Engure Municipality, the Valgums Lake

Location of the monument:

Latitude: 56.997150
Longitude: 23.317927

At the beginning of July 1941, when the German army entered Tukums, Jews were ordered to gather in the synagogue of the town in Elizabetes Street, which became the place, where Jews stayed until the action started. In Tukums murdering of Jews began approximately in mid–July, when people in groups of 20 were brought in trucks to the selected site of massacre – a forest in the vicinity of the Valgums Lake, where a commando of murderers, set up by the local self–defence unit, shot them.

After World War II, in the mid–1950s, Jews erected a monument with an inscription in Latvian and Russian in the place of massacre.

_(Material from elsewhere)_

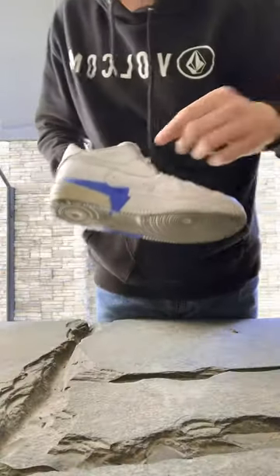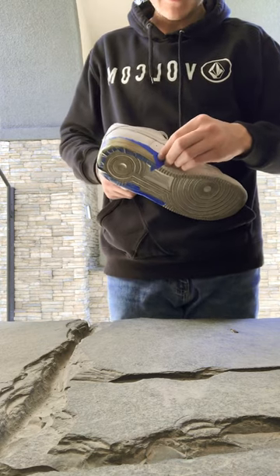Alright, they're dry. Let's see what they look like. Now we're going to take off this tape. Let's get it.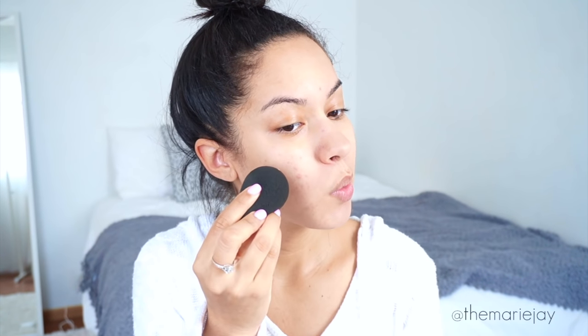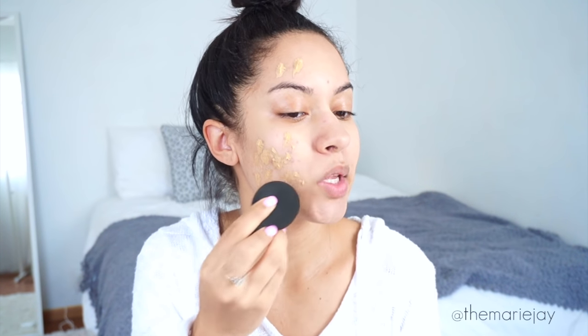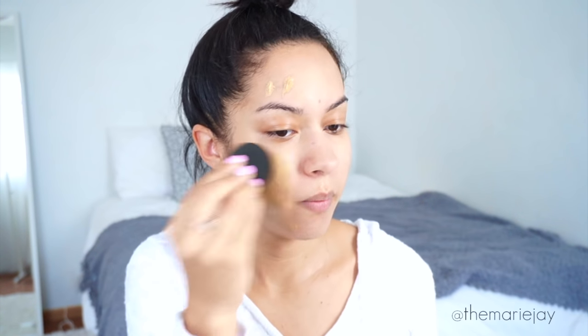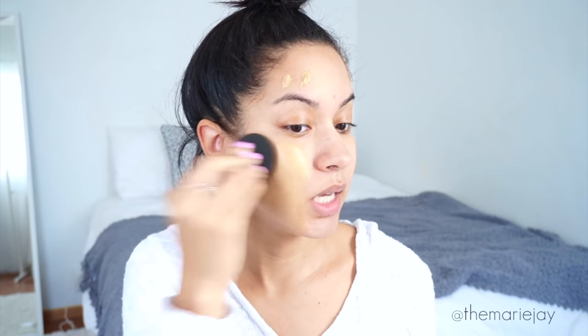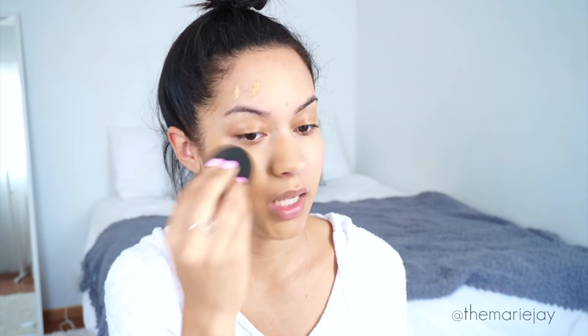First I'm going to do my beauty blender. I'm just going to pump some on here — one pump should be fine — and I'm just going to stipple. I think I might have put a little too much but we'll see. So far this is actually matching pretty well and it does have a nice yellow undertone to it. It is evening out all of the redness and it covered pretty much all of my acne.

Levi Lichtenstein, the Rabbi of Tukums, who was identified among the remains of the deceased, was reinterred in the Tukums Jewish Cemetery.

Further reading:

  • Meler M. Jewish Latvia: Sites to Remember. Tel-Aviv: Association of Latvian and Estonian Jews in Israel, 2013.
  • Ezergailis A. The Holocaust in Latvia, 1941-1944: The Missing Center. Riga: The Historical Institute of Latvia; Washington, DC: US Holocaust Memorial Museum, 1996.